If belief in God = belief that there is more to things than meets the eye, and then we start to read quantum physics, which confirms the breaking of the Newtonian delusion that most persons believe in, we resolve the conflict, and become the same as the simple minded theist, one in our belief that there is more to life than meets the eye, and in this we are part of the same club, apart from using different koanic metaphors.
Erm... no. It doesn't work like that. You don't get to fill in the gaps with nonsense which science hasn't yet covered. I've already talked a great deal about quantum physics before and specifically addressed to my fellow members here to be wary of those who make wild claims about knowing how it all works, what it means, and what beliefs it purportedly supports. This is "God of the gaps" syndrome all over again...
For those not familiar with it, it is basically the assumption that, as God runs out of places to "hide", according to theologians He must precisely be the missing pieces of the puzzle... until, of course, science finds those pieces and they turn out to be something more mundane.
But let's continue...
Newtonian delusion? LOL! Seriously? Newtonian laws may go out the window in the quantum realm but they are still applicable to the macro. Moreover, conscious observation does not determine the outcome of the double slit experiment, as you, and others like Thomas Campbell, seem to imply. For starters, "observation" in scientific circles really means making a measurement, and it doesn't take a genius to figure out that measuring something, especially at such a small scale, will inevitably effect upon its original state. Read books like Brian cox's "The Quantum Universe" to have those quantum theory myths dispelled, my friend. Also, look up Heisenberg's Uncertainty Principle and how it all relates.
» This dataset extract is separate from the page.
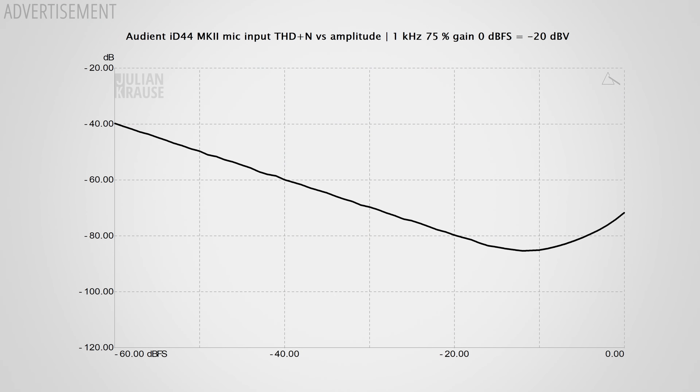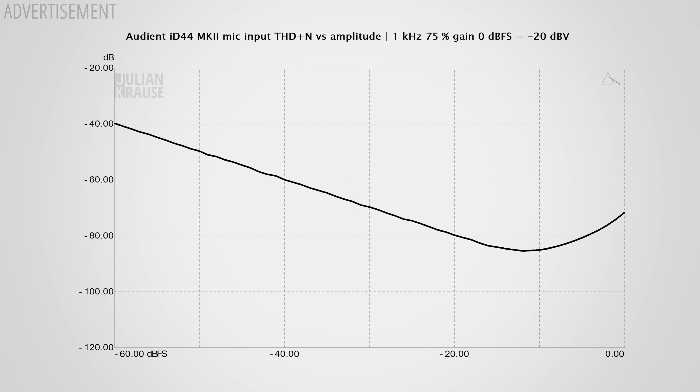Let's have a look at distortion. In the measurements you can see that THD starts to rise towards higher levels. Would I have liked to see a better performance from an interface in its price range? Yes. Does that really make an audible difference in practice? No. Especially if you set your level to a typical recording level of around minus 18 to minus 12 dB, you're pretty much in the sweet spot and there's really no chance you will hear this distortion. Still, I'm a bit surprised because the iD4 and iD14 actually outperform the iD44 purely in terms of distortion on the inputs — not that this really matters, but the measurements don't lie.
And if you think that God had something to do with the universe coming into being, think again about the absurdity of this proposition and the infinite regress you imply. The universe is the product of quantum fermentation, so to speak, and did not require the aid of a Creator.
Suppose alien beings seeded our universe to evolve complexity. They, too, would have to have evolved their own complexity to become as incredibly advanced to the point of creating an entire universe. The same would also have to be logically applied to the so-called explanation that God created the universe. It is not an explanation. Rather, it is a copout and it only aggravates the origin of the cosmos conundrum. You might as well say, regardless of the absurdity, that reality is the work of magic. Who or what created the creator? If a God created the universe, then he must be extremely slow, because, it took Him billions of years to build atoms and the heavier elements that would eventuate the right chemistry leading up to our existence (Seventh Day Adventists, hide). If He is all-powerful, or omnipotent as the pious describe Him, why did He not manifest the complexity of reality that we see today on the first day of creation?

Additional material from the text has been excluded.